Furthermore, critics argue that this system has historically favored party-endorsed candidates, creating an imbalance that skews election outcomes.
Professor Julia Sass Rubin of Rutgers University and the Princeton School of Public and International Affairs conducted a comprehensive review of primary ballots across all fifty states and the District of Columbia.
She found that New Jersey’s ballot design substantially differed from other states, with a focus on the “county line” system that favored party-endorsed candidates.
McCormick claimed this system disadvantaged candidates like Senator Bernie Sanders in both the 2016 and 2020 Democratic primaries in New Jersey.
While some hope for a legislative remedy to this issue, with State Senator Shirley Turner proposing a bill to address the situation, many remain skeptical of lawmakers’ willingness to dismantle a system that grants them power.
McCormick suggested an alternative approach, urging progressive Democrats to unite to get a slate of like-minded contenders on the ballot, subsequently working towards changing the existing election laws from within the system.

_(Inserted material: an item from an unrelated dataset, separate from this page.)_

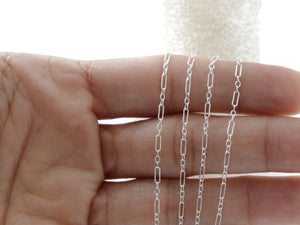 Sterling Silver Long and Short Cable Chain, 4.5x1.5 mm, (SS-102)
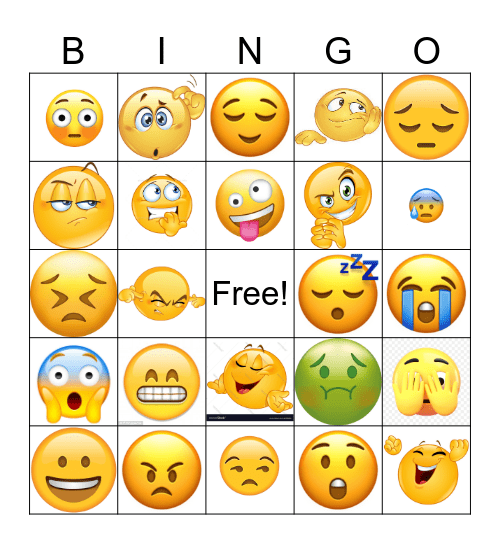 Emotions Bingo Card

“We were right to challenge what is fundamentally a system that allows the most powerful to cheat those who have the least amount of power,” said McCormick, who appears undaunted. “The fight for fair and equitable elections in New Jersey may continue, but the missed opportunity for the Supreme Court to address this issue is a significant setback for those seeking to reform the state’s electoral process.”